How did they get from that seismic victory and that proverbial landslide in December 2019 to the point where they were staring down the barrel of having less than 70 MPs in Parliament at the end of 2022?
Is this questionable recent polling data? Perhaps. Perhaps not - worryingly not if you’re a Conservative.
Although questionable polling wouldn’t explain the broader consensus that shows the Conservatives behind in the polls by anywhere between 20 and 30 points - for almost the entire year - where they remain going into 2023.

So.
To explain this, there’s a ‘short, simplistic, Tl;Dr, 20 seconds to fat finger its way on to Facebook style’ answer to the question that people might give without having read a single word of this article.

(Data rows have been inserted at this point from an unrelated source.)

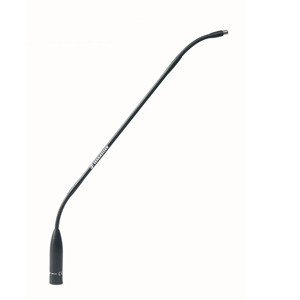Sennheiser MZH 3062  IS Series 23 in (60 cm) dual flex gooseneck with 3 pin XLR connector (5.0 oz)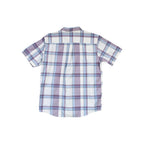 Patagonia Men's Fezzman Shirt Purple/White M Used - FERAL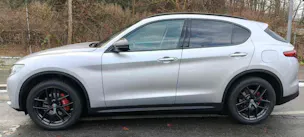 Alfa Romeo Stelvio 2.0 Q4 B-Tech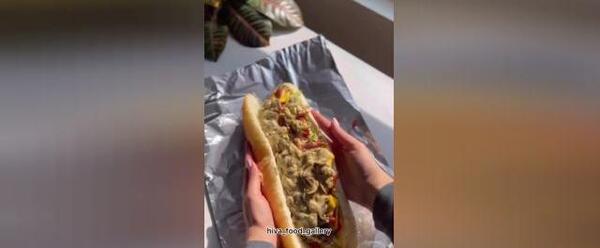 عکس غذای زاپاتا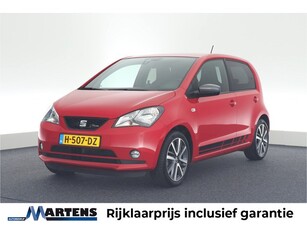 SEAT Mii 1.0 60pk FR Beats Parkeersensoren Cruise Control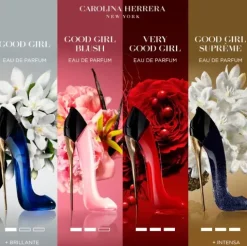 Carolina Herrera Good Girl Dazzling Garden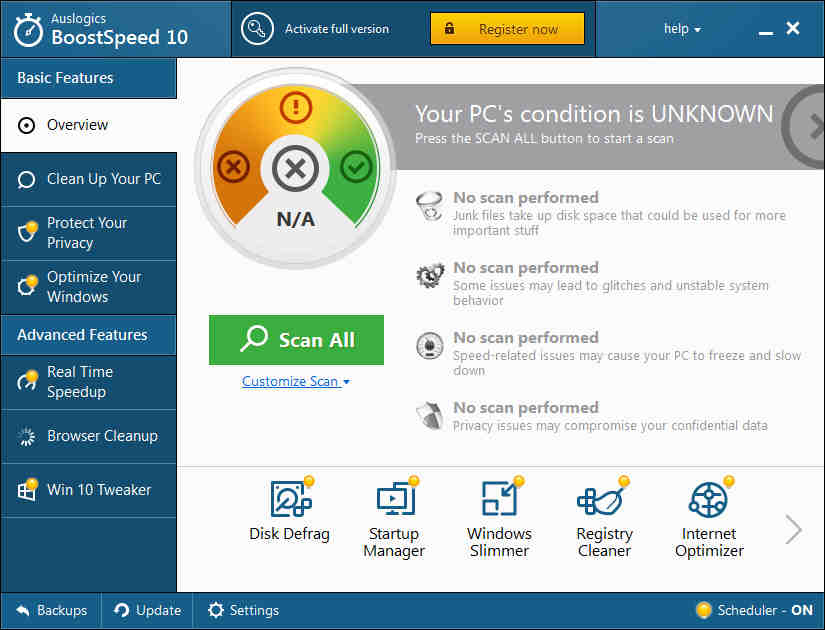 auslogics boostspeed v11.2.0.3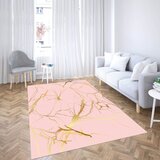 Conceptum Hypnose tepih CG_118, pravougaoni, 100 x 140 cm, roze | Eponuda.ba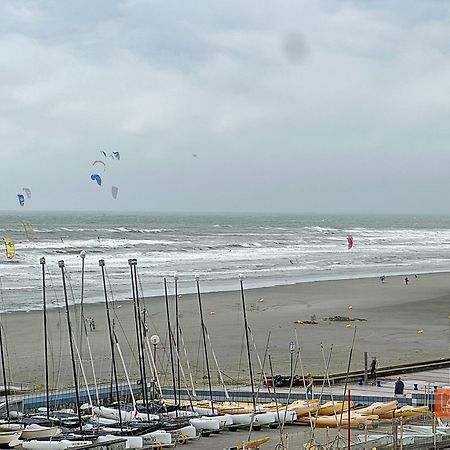 Appartement Le Sunset à Wimereux Extérieur photo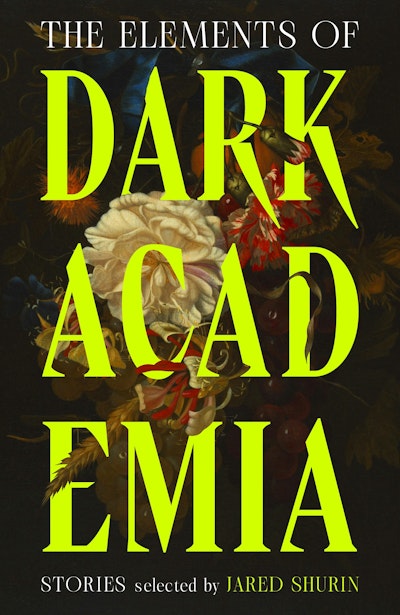 The Elements of Dark Academia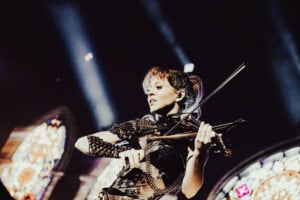 Lindsey Stirling Selects 31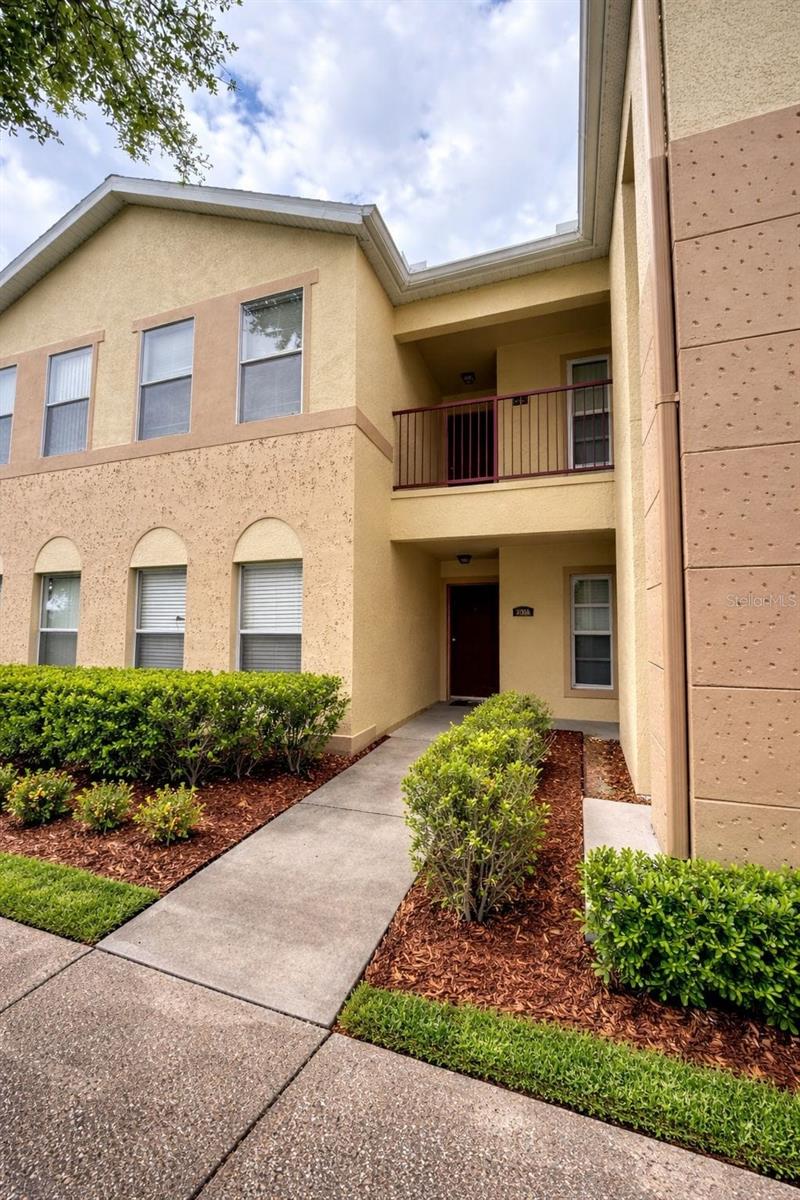2720 CLUB CORTILE CIR #A Property Photo 1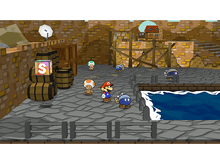 Charger l&#39;image dans la galerie, Paper Mario: The Thousand-Year Door FR Switch
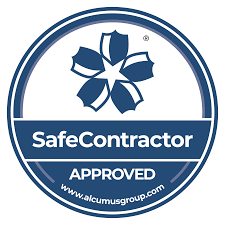 Safe Contractorlogo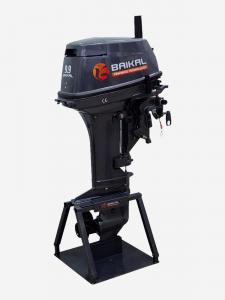 BAIKAL 9.9 ENDURO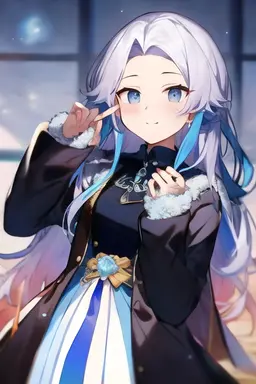 Profile image of 한서윤
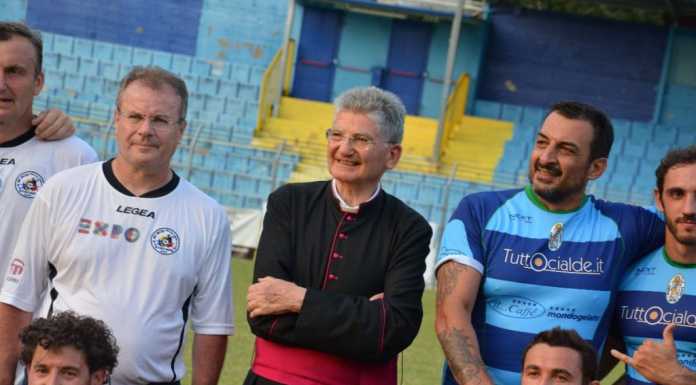 Obiettivo centrato: 36 ore “no stop” di Calcio allo stadio di Lecco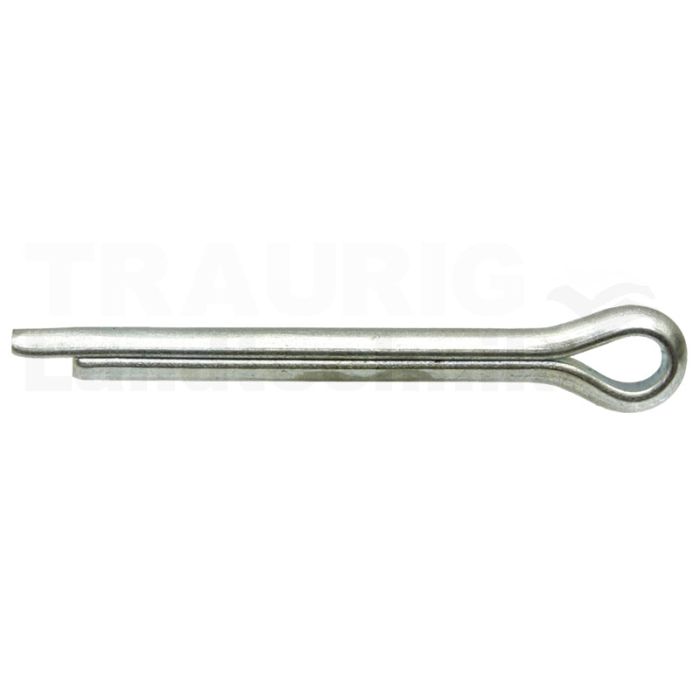 Spannstift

It’s because the nation’s patience has been exhausted by the Conservative Party’s inexcusable way of handling almost every political omnishambles that they are mostly responsible for having created for themselves.

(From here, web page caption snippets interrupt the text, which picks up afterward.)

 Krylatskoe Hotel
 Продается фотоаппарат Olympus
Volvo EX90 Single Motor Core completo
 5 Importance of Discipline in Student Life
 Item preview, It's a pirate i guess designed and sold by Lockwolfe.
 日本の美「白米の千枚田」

There’s also a longer Substack answer - with substance that serves as the meat of this ‘End of Year’ review!
So…what the Hell happened!? Pt. 2
It stretches back to Autumn in 2021 where one internal crisis presented itself after the other, and how the Conservatives handled each subsequent event worse than the other, in quick-fire chronological order:
It began with Johnson’s absurd conference speech before he jetted off to Marbella amid fuel shortages, and then when he landed back in Britain, he gave a disastrous speech to the CBI where he spoke about his jaunt to Peppa Pig World before finding himself at the forefront of the Owen Paterson scandal only to end up at the despatch box lying to the Commons about breaching lockdown restrictions.
Remarkably, this investigation is still outstanding and the Privileges Committee inquiry has yet to conclude; due in no small part to the level of obfuscation that has been applied by the government and the fact that the government itself has left a blank cheque for those gathering evidence to defend the former Prime Minister.
The reliance on the taxpayer to fund Johnson’s defence seems strange even though you’d think Johnson would be perfectly capable of paying for it himself having earned almost £1 million since leaving office - as I wrote he probably would do after he inevitably resigned, and as I’ve consistently been saying since as early as 2020.
Each event led to, and provided context to, the rancour over ‘Partygate’ - with the tipping point for most likely being this video:

And this response, from Johnson to the video where he said on the Hansard:
“…may I begin by saying that I understand and share the anger up and down the country at seeing No. 10 staff seeming to make light of lockdown measures? I can understand how infuriating it must be... I was also furious to see that clip.”
History would dictate that he would later be fined for ‘making light’ of lockdown measures.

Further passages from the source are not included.